State of the Climate Report for the UK Energy Sector 2024-25

Supported by RMetS and AECOM

Authors: Benjamin Hutchins, Matthew Wright, James Mollard, James Fallon, Paula Gonzalez, Ifan Rogers, Iain Staffell, Stephen Swabey, Hannah Bloomfield


Please cite this work as: Hutchins B, Wright, M, Mollard J, Fallon J, Gonzalez P, Rogers I, Staffell I, Swabey S and Bloomfield H (2025) State of the Climate Report for the UK Energy Sector 2024-25 Royal Meteorological Society

https://doi.org/10.5281/zenodo.17294538

The State of the Climate for the UK Energy Sector report explores the impact of weather on the UK energy sector between 1 April 2024 and 31 March 2025, focusing on:

  • Weather impacts on supply and demand.
  • Weather impacts on energy infrastructure.

Key points

  • Throughout November 2024, prolonged cold, calm and cloudy conditions led to high electricity demand and low renewable supply, increasing electricity prices across the month.
  • On 8 January 2025, extreme low winds and simultaneous cold temperatures led to a large spike in the average daily real-time electricity price. Similar conditions on 20 January also led to a smaller increase in real-time price.
  • Throughout August 2024, significant amounts of wind power in Scotland had to be curtailed due to high wind power production, increasing balancing costs.
  • Storms Darragh and Éowyn impacted electrical infrastructure – disconnecting over 3 million customers between them – through strong winds and flooding from heavy rainfall.
  • Whilst Éowyn was a stronger storm, Darragh caused more damage to the energy sector, as its path was over populated areas of Wales, and central and northern England.
  • Lightning caused a large number of electricity faults in May and September 2024, particularly in Southern England.
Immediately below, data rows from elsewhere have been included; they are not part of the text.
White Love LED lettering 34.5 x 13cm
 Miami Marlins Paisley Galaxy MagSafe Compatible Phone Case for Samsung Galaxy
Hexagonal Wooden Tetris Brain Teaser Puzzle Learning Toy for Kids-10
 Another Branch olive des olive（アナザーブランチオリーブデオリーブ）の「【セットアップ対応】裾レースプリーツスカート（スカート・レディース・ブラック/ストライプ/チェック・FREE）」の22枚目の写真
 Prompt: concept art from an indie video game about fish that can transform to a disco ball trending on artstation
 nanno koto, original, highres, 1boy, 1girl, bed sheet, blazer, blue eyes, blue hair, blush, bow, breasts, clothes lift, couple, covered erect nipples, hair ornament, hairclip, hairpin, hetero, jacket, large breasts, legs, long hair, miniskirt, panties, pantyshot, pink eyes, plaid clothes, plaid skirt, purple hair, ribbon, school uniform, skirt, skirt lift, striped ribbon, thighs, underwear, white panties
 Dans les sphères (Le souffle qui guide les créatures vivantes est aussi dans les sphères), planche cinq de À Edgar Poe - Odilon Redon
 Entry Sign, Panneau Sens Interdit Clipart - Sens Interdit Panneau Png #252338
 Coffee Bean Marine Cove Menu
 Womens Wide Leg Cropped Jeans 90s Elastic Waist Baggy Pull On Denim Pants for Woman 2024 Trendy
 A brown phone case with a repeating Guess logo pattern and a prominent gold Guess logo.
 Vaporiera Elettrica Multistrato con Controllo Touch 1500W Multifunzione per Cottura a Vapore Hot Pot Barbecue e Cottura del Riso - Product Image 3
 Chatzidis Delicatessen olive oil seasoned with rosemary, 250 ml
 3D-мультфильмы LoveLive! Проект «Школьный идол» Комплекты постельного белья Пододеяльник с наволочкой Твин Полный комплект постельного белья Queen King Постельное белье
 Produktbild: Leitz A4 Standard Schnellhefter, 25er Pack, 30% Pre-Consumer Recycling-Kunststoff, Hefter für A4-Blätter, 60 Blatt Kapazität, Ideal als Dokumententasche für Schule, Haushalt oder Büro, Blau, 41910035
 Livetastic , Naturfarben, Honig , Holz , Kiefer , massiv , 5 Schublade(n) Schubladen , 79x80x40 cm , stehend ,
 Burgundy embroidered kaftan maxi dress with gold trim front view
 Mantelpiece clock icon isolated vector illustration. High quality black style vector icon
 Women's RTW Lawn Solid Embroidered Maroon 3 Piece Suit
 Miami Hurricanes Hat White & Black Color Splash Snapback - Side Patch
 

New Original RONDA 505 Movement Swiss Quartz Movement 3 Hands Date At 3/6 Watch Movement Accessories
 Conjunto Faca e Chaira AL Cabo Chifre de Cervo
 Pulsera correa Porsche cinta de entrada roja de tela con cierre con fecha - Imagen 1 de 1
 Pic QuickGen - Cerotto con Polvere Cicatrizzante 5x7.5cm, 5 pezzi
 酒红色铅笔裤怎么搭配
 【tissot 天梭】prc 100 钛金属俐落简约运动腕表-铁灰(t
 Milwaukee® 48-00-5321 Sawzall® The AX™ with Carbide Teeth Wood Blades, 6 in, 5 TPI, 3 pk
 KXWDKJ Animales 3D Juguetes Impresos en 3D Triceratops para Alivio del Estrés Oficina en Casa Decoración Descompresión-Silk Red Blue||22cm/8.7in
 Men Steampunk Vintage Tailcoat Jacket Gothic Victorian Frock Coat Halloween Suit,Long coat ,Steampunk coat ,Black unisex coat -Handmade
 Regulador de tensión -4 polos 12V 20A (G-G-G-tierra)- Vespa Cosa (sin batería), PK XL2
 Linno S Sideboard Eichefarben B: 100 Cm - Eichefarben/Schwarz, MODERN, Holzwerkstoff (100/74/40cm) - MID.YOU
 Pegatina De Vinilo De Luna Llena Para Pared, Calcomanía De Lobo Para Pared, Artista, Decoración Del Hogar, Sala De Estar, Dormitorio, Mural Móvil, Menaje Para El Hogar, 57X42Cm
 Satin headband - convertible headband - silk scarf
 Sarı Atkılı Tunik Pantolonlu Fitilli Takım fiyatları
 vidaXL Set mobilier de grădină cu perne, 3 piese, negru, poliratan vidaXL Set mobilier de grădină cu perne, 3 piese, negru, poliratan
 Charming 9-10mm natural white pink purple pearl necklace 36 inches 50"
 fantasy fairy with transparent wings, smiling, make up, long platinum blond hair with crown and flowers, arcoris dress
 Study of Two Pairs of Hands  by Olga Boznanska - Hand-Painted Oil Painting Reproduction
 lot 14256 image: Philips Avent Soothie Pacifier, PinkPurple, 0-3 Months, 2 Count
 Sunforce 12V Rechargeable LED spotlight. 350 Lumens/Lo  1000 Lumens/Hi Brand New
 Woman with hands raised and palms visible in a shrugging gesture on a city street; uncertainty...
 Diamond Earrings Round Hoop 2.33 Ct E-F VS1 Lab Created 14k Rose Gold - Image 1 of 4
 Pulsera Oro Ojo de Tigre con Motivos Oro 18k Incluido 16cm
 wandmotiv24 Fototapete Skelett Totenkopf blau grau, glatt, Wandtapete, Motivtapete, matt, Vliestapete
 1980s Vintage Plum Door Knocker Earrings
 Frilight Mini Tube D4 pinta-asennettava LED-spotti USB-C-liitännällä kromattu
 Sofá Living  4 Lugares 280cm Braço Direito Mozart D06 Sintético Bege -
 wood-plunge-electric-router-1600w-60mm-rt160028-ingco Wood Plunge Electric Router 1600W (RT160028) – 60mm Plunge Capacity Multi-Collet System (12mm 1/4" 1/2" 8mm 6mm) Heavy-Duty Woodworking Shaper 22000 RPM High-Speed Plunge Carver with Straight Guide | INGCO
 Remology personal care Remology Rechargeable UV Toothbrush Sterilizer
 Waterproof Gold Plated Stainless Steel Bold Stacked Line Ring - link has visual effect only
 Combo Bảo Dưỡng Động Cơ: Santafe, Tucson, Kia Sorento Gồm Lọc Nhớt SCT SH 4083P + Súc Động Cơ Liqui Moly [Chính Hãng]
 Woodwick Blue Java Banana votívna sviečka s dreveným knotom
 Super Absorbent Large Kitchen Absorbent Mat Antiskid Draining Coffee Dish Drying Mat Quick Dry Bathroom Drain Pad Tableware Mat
Weather impacts on electricity supply and demand in 2024-25

Renewable electricity generation is weather-dependent:

  • Wind power generation depends on wind speed, with low speeds reducing production, and turbines cutting out above a maximum operating speed.
  • Solar generation depends on cloudiness, with cloudy days decreasing production.

Temperature is the primary driver of energy demand:

  • In winter, low temperatures increase electricity demand.
  • In summer, high temperatures increase electricity demand.

To combine these factors, the energy sector analyses a metric called 'demand-net-renewables': the total electricity demand left, after all renewable supply has been used up. This is the extra demand which must be met using gas turbines or other 'flexible' sources of electricity, compared to normal.

The figures below use real electricity price data and modelled demand, wind power generation and demand-net-renewables. These are presented as 'anomalies', showing whether each variable was higher or lower than normal for that time of year.

Winter

Caption: Demand-net-renewables, wind power production, weather-driven demand, day-ahead electricity price and real time electricity price, for 1 November 2024 - 31 March 2025. All are five-day rolling averages, except realtime price, which is daily average. See report for full methodology.
Weather data source: Hannah Bloomfield. Price data source: Electric Insights.

In winter, electricity prices are increased when there is a shortfall of energy supply relative to demand. This extra demand must be met by turning on extra generation, usually gas turbines, or by importing additional electricity from abroad, both of which result in higher prices.

These periods can be seen as peaks in demand-net-renewables and day-ahead prices.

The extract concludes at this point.